Rencontre avec Pierre et Gilles

Dans leur exposition Nuit électrique à la Galerie Templon, Pierre et Gilles revisitent leurs souvenirs de la mythique boîte de nuit, Le Palace. Une nouvelle génération de noctambules allant d’un marin à la joue meurtrie à des modèles et des stars du porno est capturée sur des arrière-plans nocturnes brillamment éclairés.

 

Pierre Commoy et Gilles Blanchard, nés respectivement en 1950 et 1953, ont commencé très tôt à travailler ensemble. Ils réalisent des portraits théâtralement mis en scène mêlant photographie et peinture dans leur studio situé au sous-sol de leur maison au Pré-Saint-Gervais, au nord-est de Paris. Des idées autour de la culture pop, des droits LGBTIQA+ et de l’histoire de l’art s’entrelacent dans des œuvres uniques représentant à la fois des stars et des individus anonymes.

« La création est un voyage. On se donne une direction mais il faut qu’on soit surpris par ce qu’on fait. »

Vous avez commencé à travailler ensemble à la fin des années 1970. Parlez-nous de vos débuts.

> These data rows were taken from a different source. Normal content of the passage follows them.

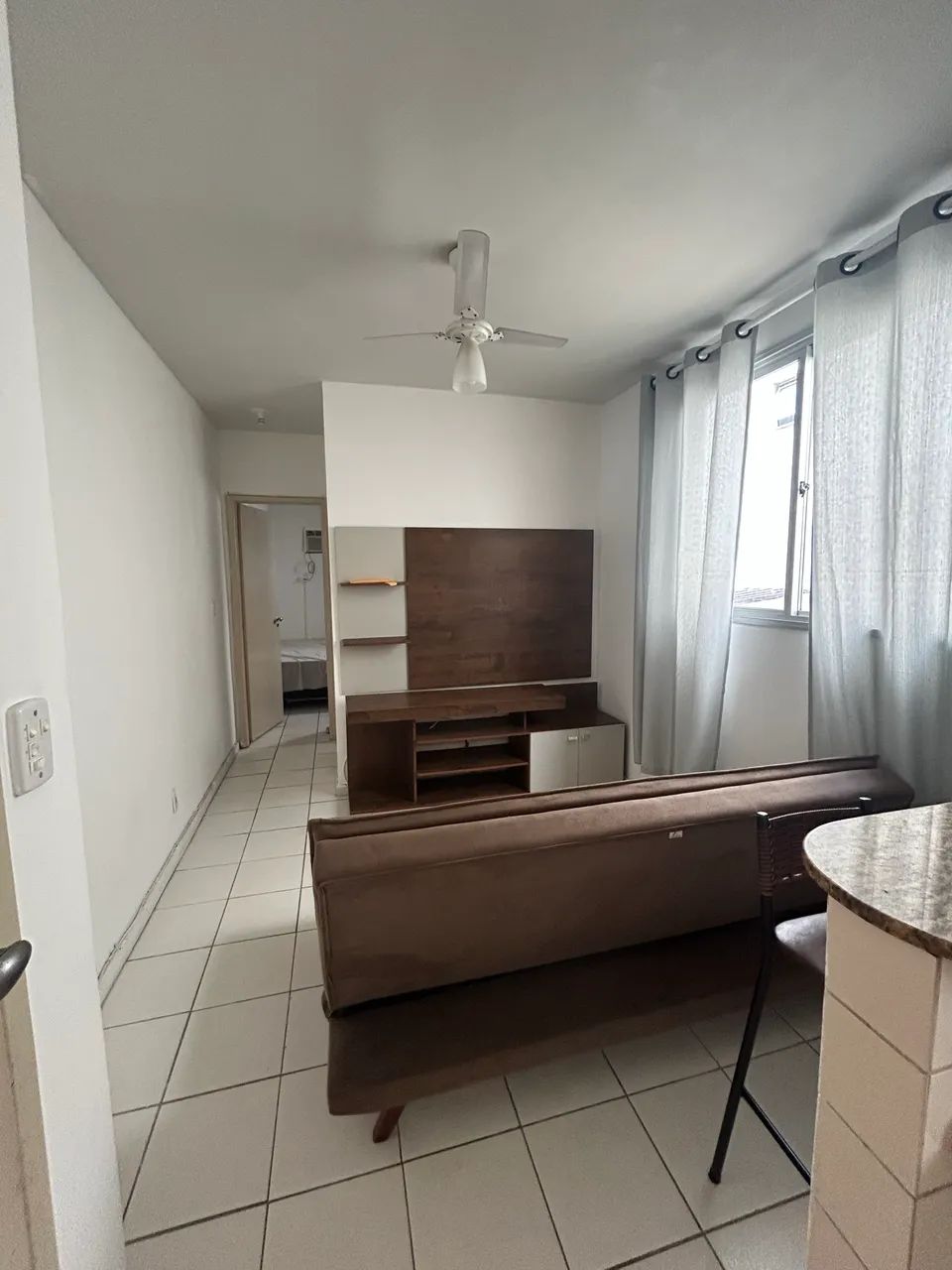 Flat perto da Praia de Camburi  - Foto 4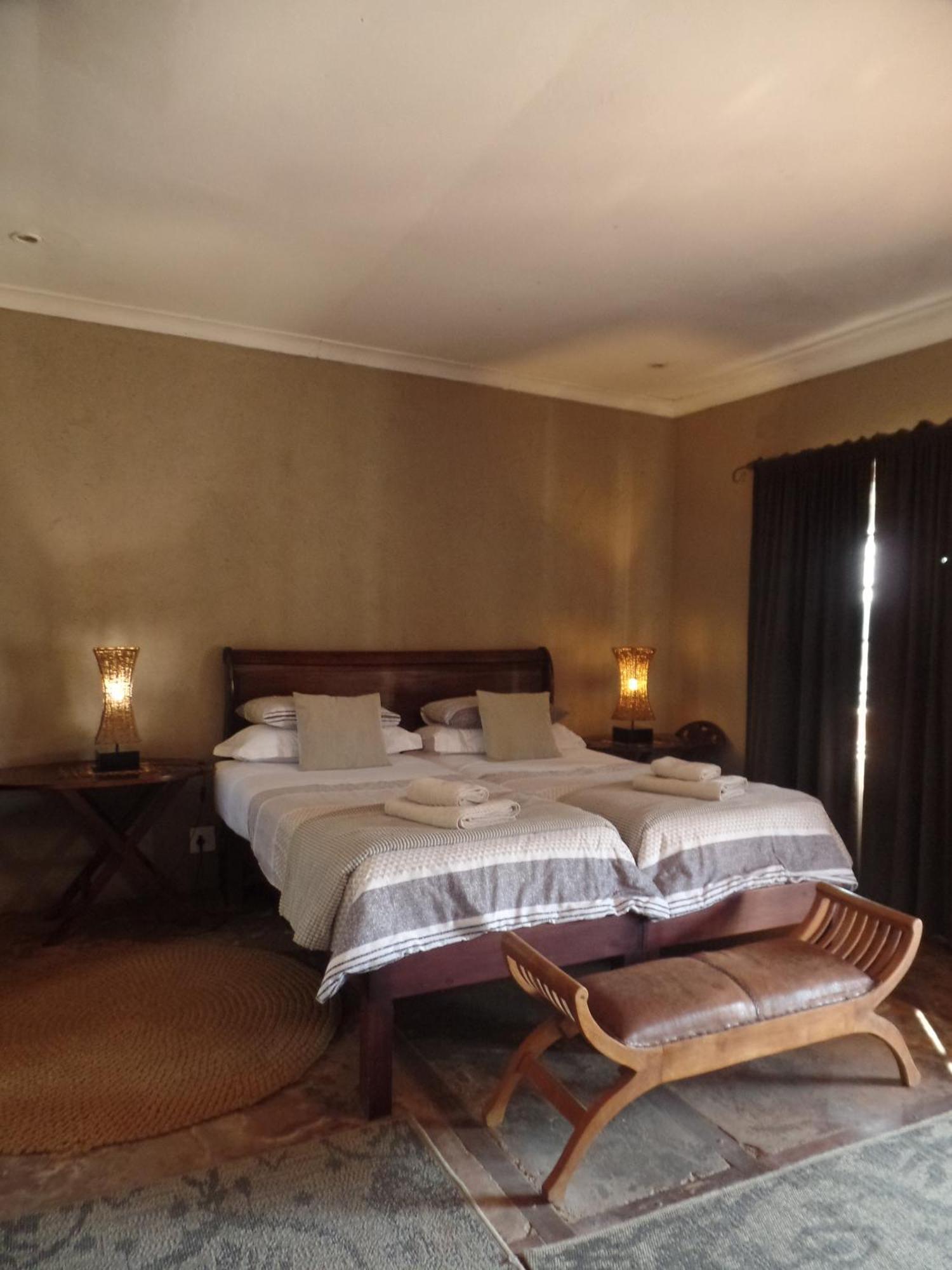 Dawsons Game Lodge Badplaas Dış mekan fotoğraf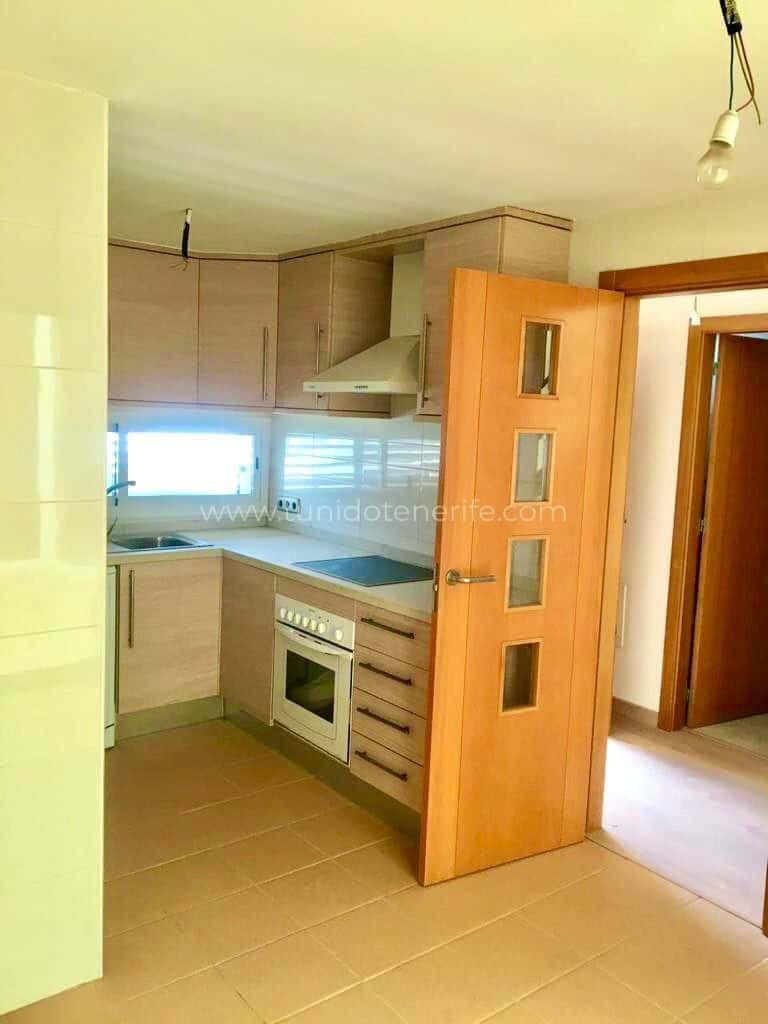 Maison de ville à vendre à El Madroñal de Fañabe, Tenerife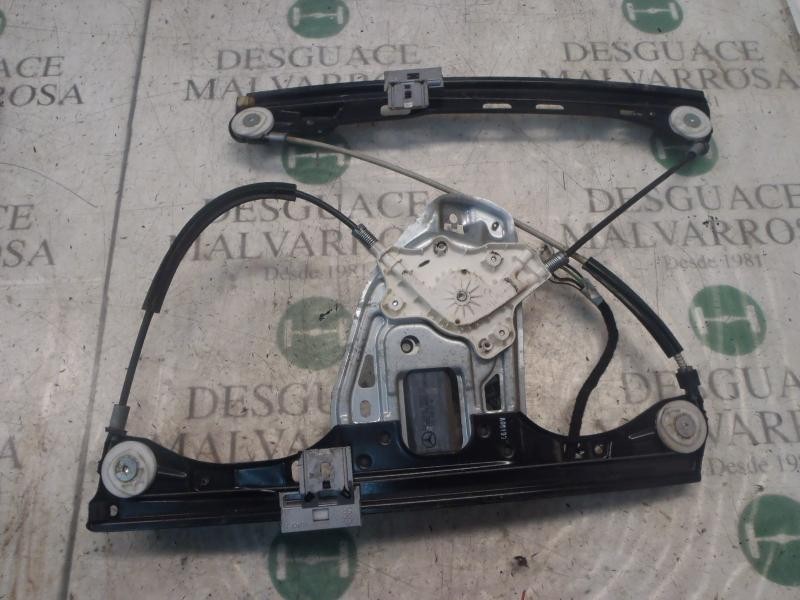 Recambio de elevalunas delantero derecho para mercedes-benz clase c (w203) berlina 200 cdi (203.004) referencia OEM IAM   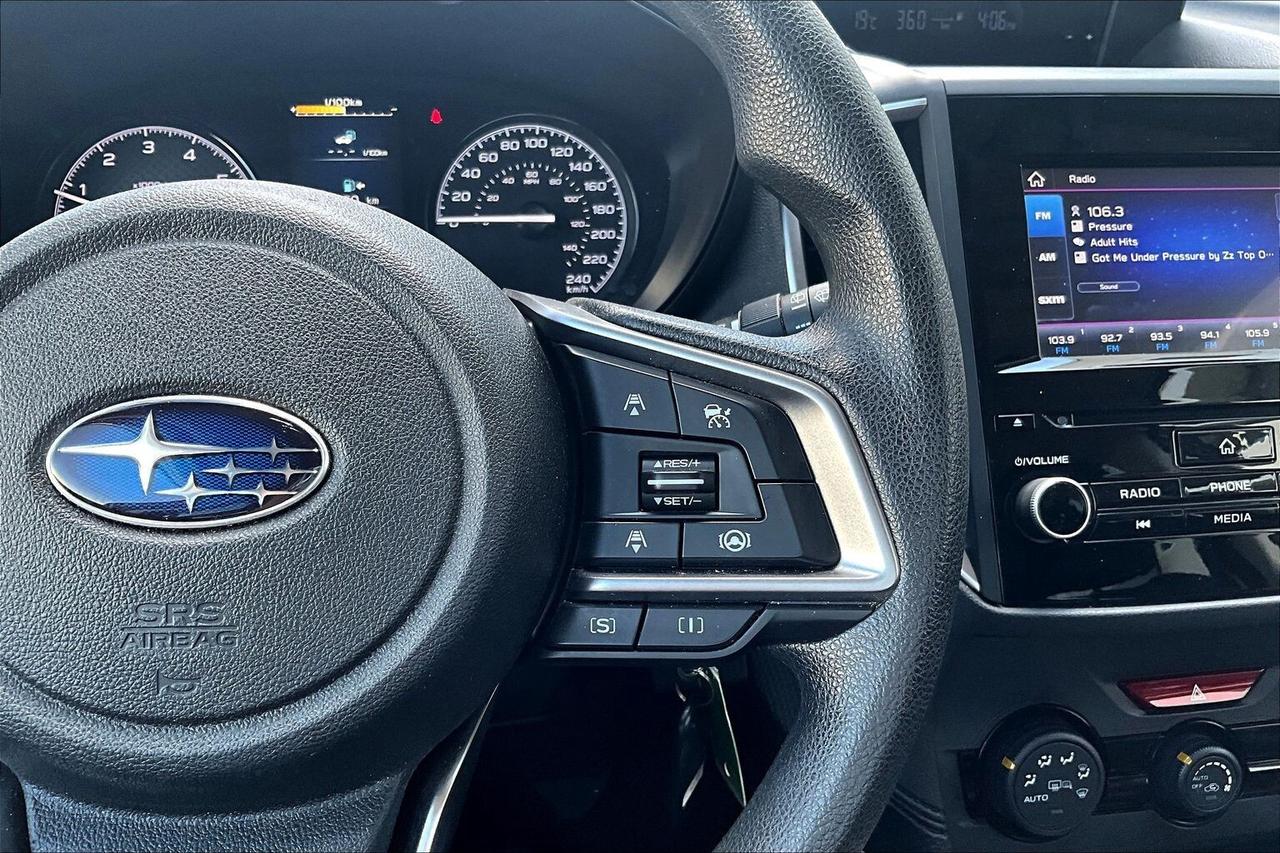 2020 Subaru Forester SPORT UTILITY | AWD | LIKE NEW | NORTH BAY Photo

Au début, on habitait dans un petit appartement, on faisait des portraits assez pop avec des fonds de couleurs. On avait une collection de Photomatons. Petit à petit, les mises en scène avec des fleurs sont arrivées. Quand on a déménagé dans un espace plus grand à Bastille, on a travaillé pour le magazine Façade, qui était similaire à la revue Interview d’Andy Warhol, et on a fait nos premières images avec Iggy Pop. On a toujours photographié nos amis, connus ou inconnus. C’est comme une grande famille. Tout le monde sur nos photos sont des gens qu’on connaît et qui sont passés chez nous pour une après-midi. Il y a beaucoup d’humanité dans notre rapport avec les gens.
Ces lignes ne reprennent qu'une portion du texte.